UNLABELLED: The neurotoxicity of local anesthetics can be demonstrated in vitro by the collapse of growth cones and neurites in cultured neurons. We compared the neurotoxicity of procaine, mepivacaine, ropivacaine, bupivacaine, lidocaine, tetracaine, and dibucaine by using cultured neurons from the freshwater snail Lymnaea stagnalis. A solution of local anesthetics was added to the culture dish to make final concentrations ranging from 1 x 10(-6) to 2 x 10(-2) M. Morphological changes in the growth cones and neurites were observed and graded 1 (moderate) or 2 (severe). The median concentrations yielding a score of 1 were 5 x 10(-4) M for procaine, 5 x 10(-4) M for mepivacaine, 2 x 10(-4) M for ropivacaine, 2 x 10(-4) M for bupivacaine, 1 x 10(-4) M for lidocaine, 5 x 10(-5) M for tetracaine, and 2 x 10(-5) M for dibucaine. Statistically significant differences (P < 0.05) were observed between mepivacaine and ropivacaine, bupivacaine and lidocaine, lidocaine and tetracaine, and tetracaine and dibucaine. The order of neurotoxicity was procaine = mepivacaine < ropivacaine = bupivacaine < lidocaine < tetracaine < dibucaine. Although lidocaine is more toxic than bupivacaine and ropivacaine, mepivacaine, which has a similar pharmacological effect to lidocaine, has the least-adverse effects on cone growth among clinically used local anesthetics. IMPLICATIONS: Systematic comparison was assessed morphologically in growth cones and neurites exposed to seven local anesthetics. The order of neurotoxicity was procaine = mepivacaine < ropivacaine = bupivacaine < lidocaine < tetracaine < dibucaine. Although lidocaine is more toxic than bupivacaine and ropivacaine, mepivacaine, which has a similar pharmacological effect to lidocaine, is the safest among clinically used local anesthetics.
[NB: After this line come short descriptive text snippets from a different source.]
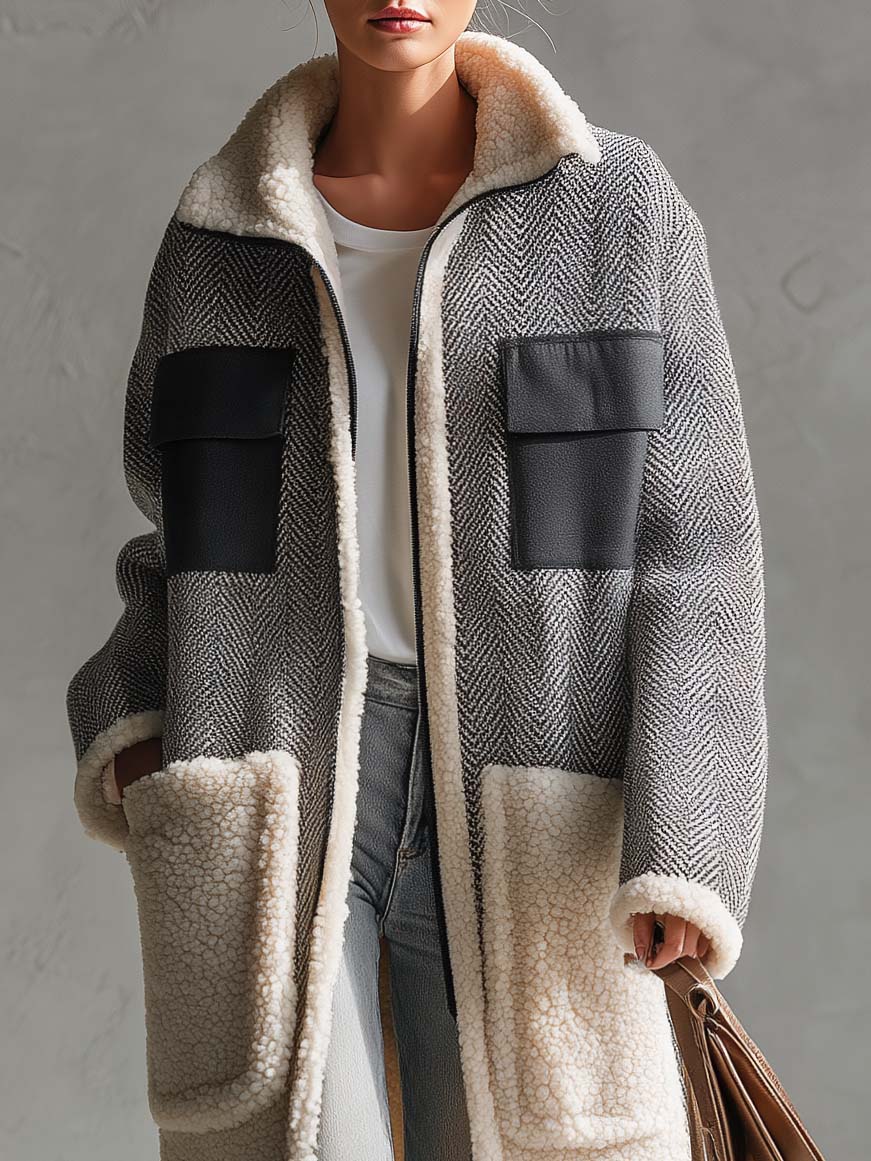 Casual Vintage Grey Herringbone Fleece Patchwork Pocket Zip-Up Long Sherpa Coat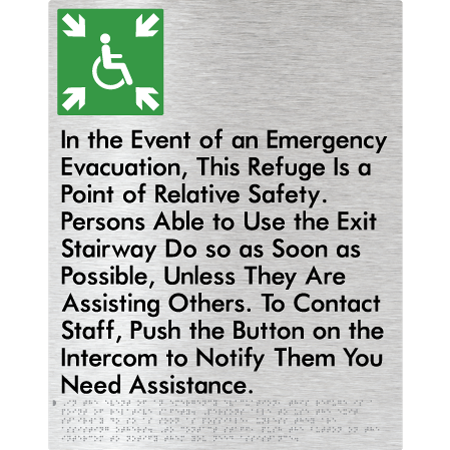 Braille Sign Emergency Evacuation Refuge - Braille Tactile Signs Aust. - BTS448-aliB - Custom Signs - Fast Shipping - High Quality - Australian Made &amp; Owned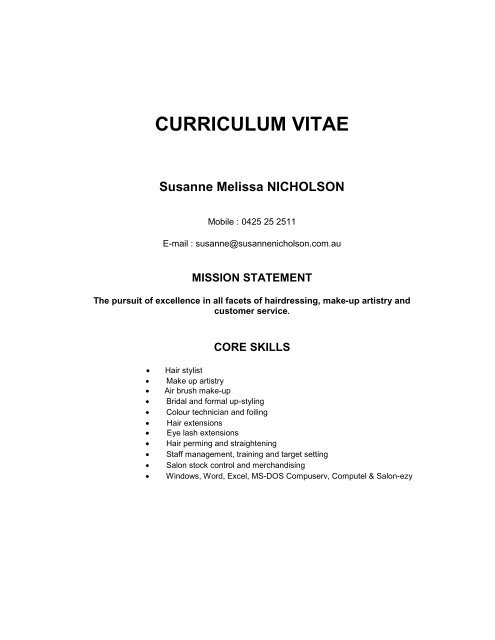 CURRICULUM VITAE Susanne Melissa NICHOLSON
Lidocaine increases intracellular sodium concentration through voltage-dependent sodium channels in an identified lymnaea neuron.

BACKGROUND: The local anesthetic lidocaine affects neuronal excitability in the central nervous system; however, the mechanisms of such action remain unclear. The intracellular sodium concentration ([Na]i) and sodium currents (INa) are related to membrane potential and excitability. Using an identifiable respiratory pacemaker neuron from Lymnaea stagnalis, the authors sought to determine whether lidocaine changes [Na]i and membrane potential and whether INa is related to these changes. METHODS: Intracellular recording and sodium imaging were used simultaneously to measure membrane potentials and [Na]i, respectively. Measurements for [Na]i were made in normal, high-Na, and Na-free salines, with membrane hyperpolarization, and with tetrodotoxin pretreatment trials. Furthermore, changes of INa were measured by whole cell patch clamp configuration. RESULTS: Lidocaine increased [Na]i in a dose-dependent manner concurrent with a depolarization of the membrane potential. In the presence of high-Na saline, [Na]i increased and the membrane potential was depolarized; the addition of lidocaine further increased [Na]i, and the membrane potential was further depolarized. In Na-free saline or in the presence of tetrodotoxin, lidocaine did not change [Na]i. Similarly, hyperpolarization of the membrane by current injections also prevented the lidocaine-induced increase of [Na]i. In the patch clamp configuration, membrane depolarization by lidocaine led to an inward sodium influx. A persistent reduction in membrane potential, resulting from lidocaine, brings the cell within the window current of INa where sodium channel activation occurs. CONCLUSION: Lidocaine increases intracellular sodium concentration and promotes excitation through voltage-dependent sodium channels by altering membrane potential in the respiratory pacemaker neuron.